Estar com estas pessoas é estar, também, com o melhor e o menos bom destas pessoas. Gente que perdeu filhos, que lutou pelas sobrevivência dos filhos num tempo de menos informação, de menos técnica, de menos internet e de menos apoio. Gente que, podendo largar tudo quando os filhos partiram para o céu ou para as suas vidas felizes ou mais limitadas, decidiu ficar e olhar para os outros e pelos outros. Gente que investe dinheiro, tempo, horas de voo e dos seus tempos de lazer numa tentativa de deixar o mundo um lugar melhor. Foi isto que encontrei de volta de uma mesa quando aceitei o desafio de fazer parte da Direcção, depois de já ver tudo isto nas cadeiras anónimas das palestras anuais.

Por trás desta dedicação totalmente louvável, que nalguns casos vem de muito fundo da alma, há a fragilidade humana: a desorganização das reuniões, as necessidades de atenção, as susceptibilidades, os estilos próprios, os desejos de ficar, porque a saída deste ambiente de solidariedade é o confronto com um certo vazio ou um sentido de desemprego. Talvez achasse, na minha ingenuidade, que o facto de trabalharmos para uma causa tão nobre suscitasse desejos de eliminação de vontades ou fraquezas individuais e nos concentrássemos no que nos une. Mas de facto não é assim, e talvez este ano tenha sentido isso com maior acuidade. Sinto-me, pela minha juventude no cargo ou por alguma característica pessoal que não descortino, como um recipiente de queixas alheias: A queixa-se-me de B, que por sua vez se queixa de A mas também de C e talvez de D, que só se queixa de B...

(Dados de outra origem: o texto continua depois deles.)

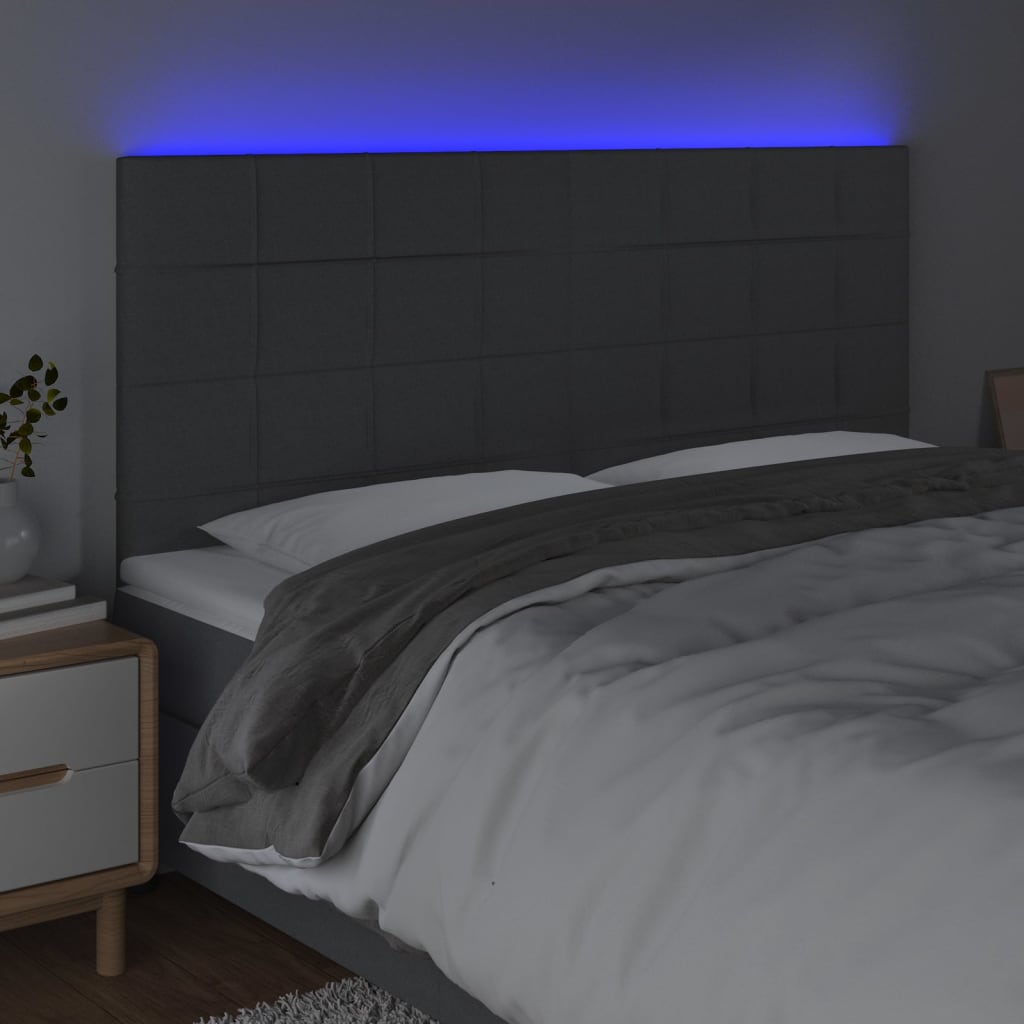 Galvūgalis su LED, tamsiai pilkas, 180x5x118/128cm, audinys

Estou numa organização humana; talvez, num certo sentido, de seres humanos mais fragilizados. Continuo a ser ex-funcionário de uma multinacional que privilegiava a eficiência das reuniões e a disciplina da agenda. Talvez isso, ao contrário da ignorância que é uma benção, seja uma maldição. O resto é simples: nas fraquezas dos outros vejo as minhas, mesmo que sejam diferentes.